**Task description:**
Copy word for word the lines in the records below, starting at the line with "Türkiye’nin ilk nakil yüzü! VİDEO" and ending at the line with "metal braces &". Skip the pictures.

**Information provided:**
☆ ☆ ☆ ☆ ☆
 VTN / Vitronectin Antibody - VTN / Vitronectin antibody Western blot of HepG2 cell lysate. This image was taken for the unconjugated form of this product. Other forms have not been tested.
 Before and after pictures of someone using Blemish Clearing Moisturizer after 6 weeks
☆ ☆ ☆ ☆ ☆
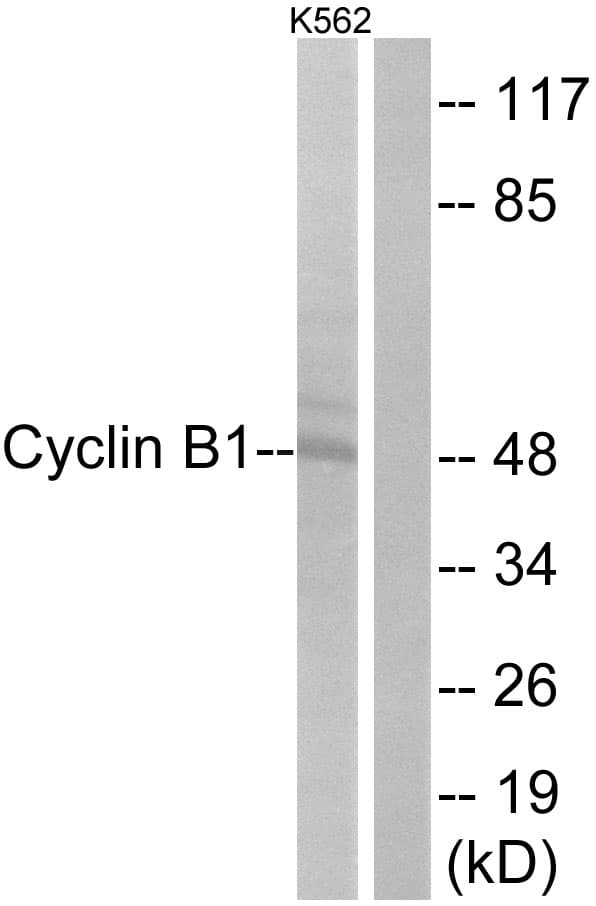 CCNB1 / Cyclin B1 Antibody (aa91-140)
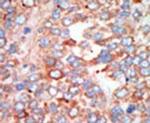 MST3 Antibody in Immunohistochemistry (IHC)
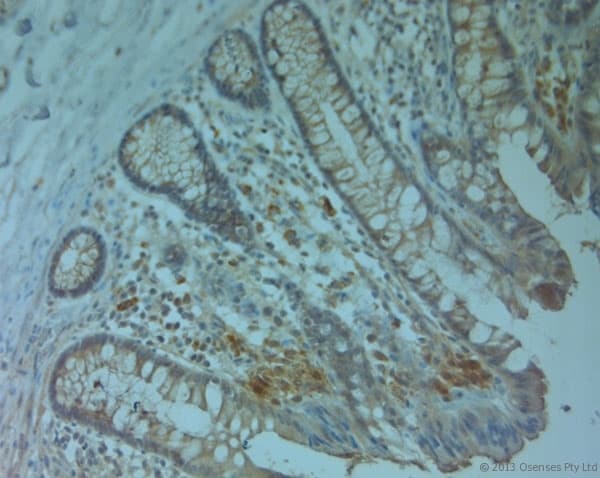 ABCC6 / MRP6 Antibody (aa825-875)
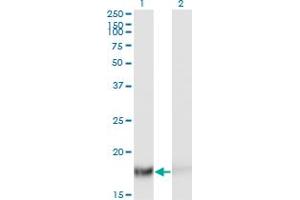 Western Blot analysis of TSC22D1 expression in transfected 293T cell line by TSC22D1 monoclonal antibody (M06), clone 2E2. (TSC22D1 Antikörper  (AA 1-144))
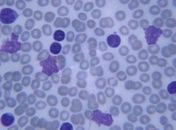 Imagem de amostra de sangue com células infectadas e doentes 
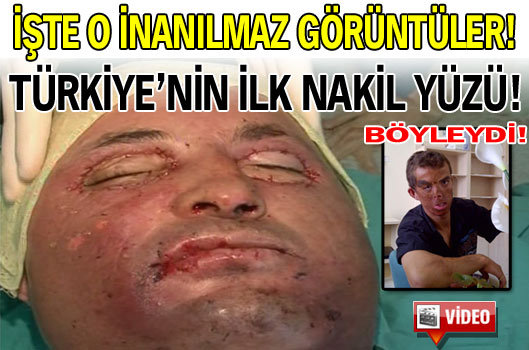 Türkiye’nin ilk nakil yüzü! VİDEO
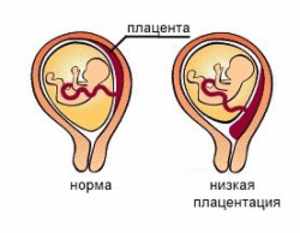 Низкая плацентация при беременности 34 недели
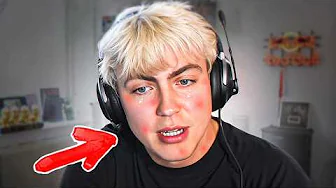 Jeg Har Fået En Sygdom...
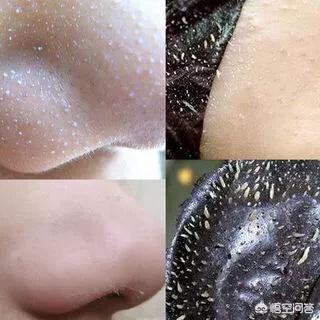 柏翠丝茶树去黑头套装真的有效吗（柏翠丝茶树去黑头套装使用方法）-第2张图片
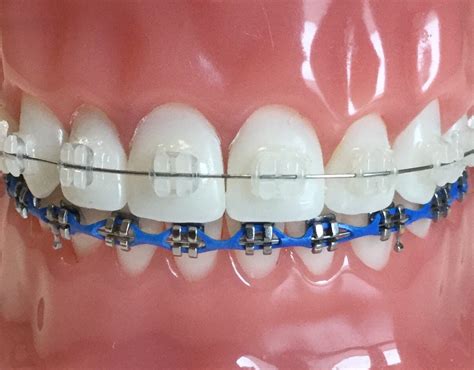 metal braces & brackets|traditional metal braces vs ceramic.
☆ ☆ ☆ ☆ ☆
**Output below:**
 Türkiye’nin ilk nakil yüzü! VİDEO
 Низкая плацентация при беременности 34 недели
 Jeg Har Fået En Sygdom...
 柏翠丝茶树去黑头套装真的有效吗（柏翠丝茶树去黑头套装使用方法）-第2张图片
 metal braces & brackets|traditional metal braces vs ceramic.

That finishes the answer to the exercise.